Search code examples
pythongeopandas

How do you inplace reproject a geopandas GeoSeries?


EDIT: Answer: you don't.

Original question:

I just noticed, that geopandas GeoDataFrame allows for inplace reprojection:

In [1]: import geopandas as gpd
In [2]: import shapely.geometry as sg
In [3]: data = {'geometry': [sg.Point(9,53), sg.Point(10,53.5)]}

In [4]: gdf = gpd.GeoDataFrame(data, crs='epsg:4326')
In [5]: gdf
Out[5]: 
                    geometry
0   POINT (9.00000 53.00000)
1  POINT (10.00000 53.50000)

In [6]: gdf.to_crs('epsg:3395', inplace=True) #No problem
In [7]: gdf
Out[7]: 
                          geometry
0  POINT (1001875.417 6948849.385)
1  POINT (1113194.908 7041652.839)

...but GeoSeries does not:

In [8]: gs = gpd.GeoSeries(data['geometry'], crs='epsg:4326')
In [9]: gs
Out[9]: 
0     POINT (9.00000 53.00000)
1    POINT (10.00000 53.50000)
dtype: geometry

In [10]: gs.to_crs('epsg:3395', inplace=True) #Problem
TypeError: to_crs() got an unexpected keyword argument 'inplace'

In [11]: gs.to_crs('epsg:3395')
Out[11]: 
0    POINT (1001875.417 6948849.385)
1    POINT (1113194.908 7041652.839)
dtype: geometry

It is complicating things a bit in my app, as I was hoping to write a function that takes GeoDataframes and GeoSeries as *args and do a reprojection on each of them, without needing to return and re-assign the objects to their variables.

It is not a huge deal. I was mainly just wondering, why this is the case, as many other methods (like .dropna()) do allow an inplace argument in both the GeoDataFrame and the GeoSeries objects. So why not this specific method? Is it an oversight? Or is there a good reason for it that I'm unaware of? Or am I just using it wrong?

Many thanks!


PS: it's beyond the scope of this question, for those wondering about the use case: having an in-place version of a method is especially valuable when there are multiple variables pointing to a given object, and so there is a danger of some of these pointing to an 'old' (i.e., not reprojected) version of the object, leading to errors down the line. Here is a scenario:

gdf = self._geodataframe = gpd.GeoDataFrame(...) #saving dataframe as class variable
gdf.to_crs(..., inplace=True) # self._geodataframe is also reprojected

gs = self._geoseries = gpd.GeoSeries(...) #saving series as class variable
gs = gs.to_crs(...) #self._geoseries still has the original crs

Solution

  • GeoDataFrame to_crs is using GeoSeries to_crs to do the transformation, while GeoSeries.to_crs() is reprojecting geometries using apply. Apply does not allow in place transformation and no one actually tried to implement in place option for that manually.

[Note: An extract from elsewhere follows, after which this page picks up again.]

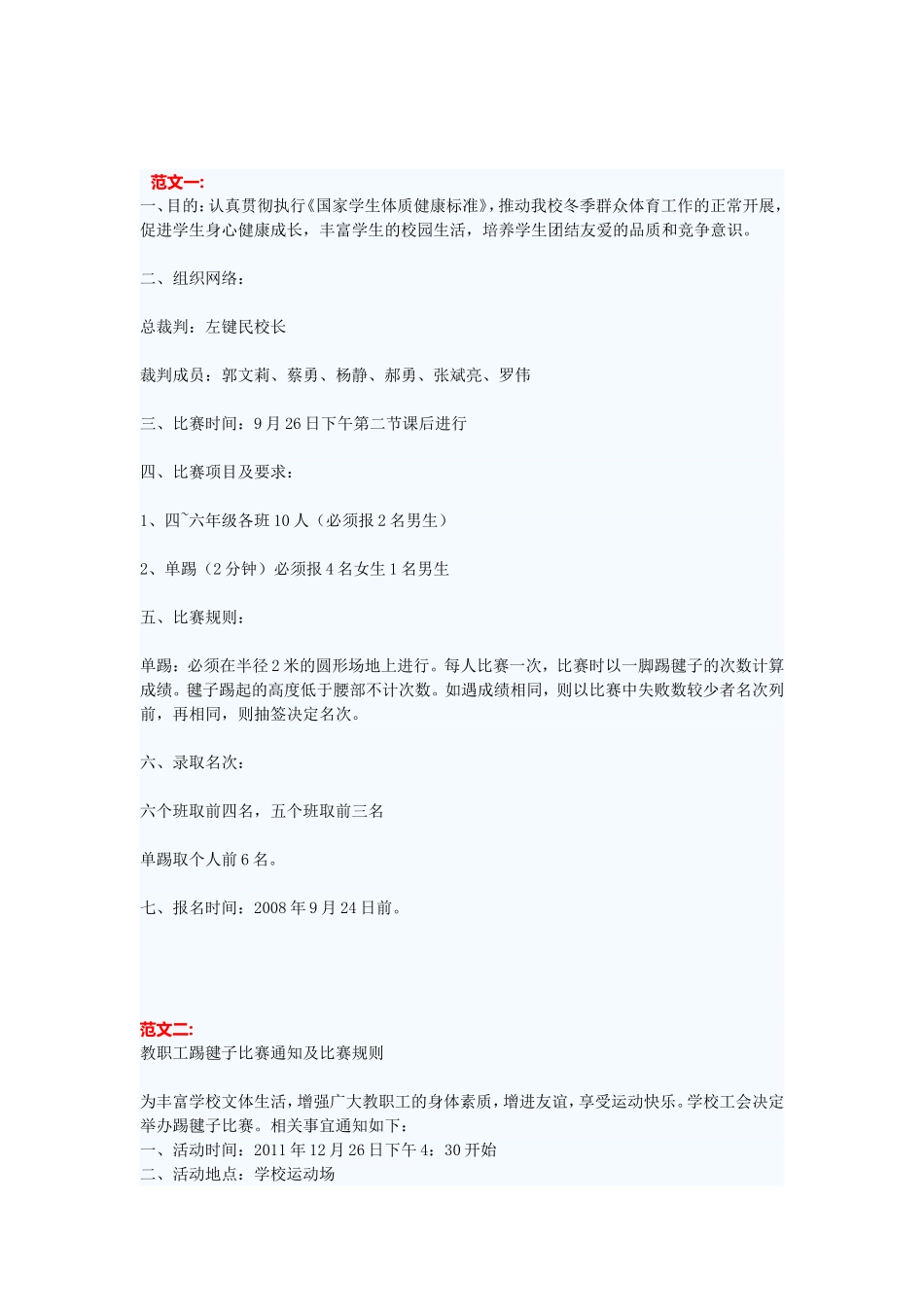 课堂教学案例_第2页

    This is the part of the code responsible for transformation:

    transformer = Transformer.from_crs(self.crs, crs, always_xy=True)
    result = self.apply(lambda geom: transform(transformer.transform, geom))
    result.__class__ = GeoSeries
    result.crs = crs
    result._invalidate_sindex()
    return result
    

    I believe that there is no reason for not supporting it, but I might be as well wrong. No one probably thought of implementing it :). Feel free to open issue or make a PR on GitHub.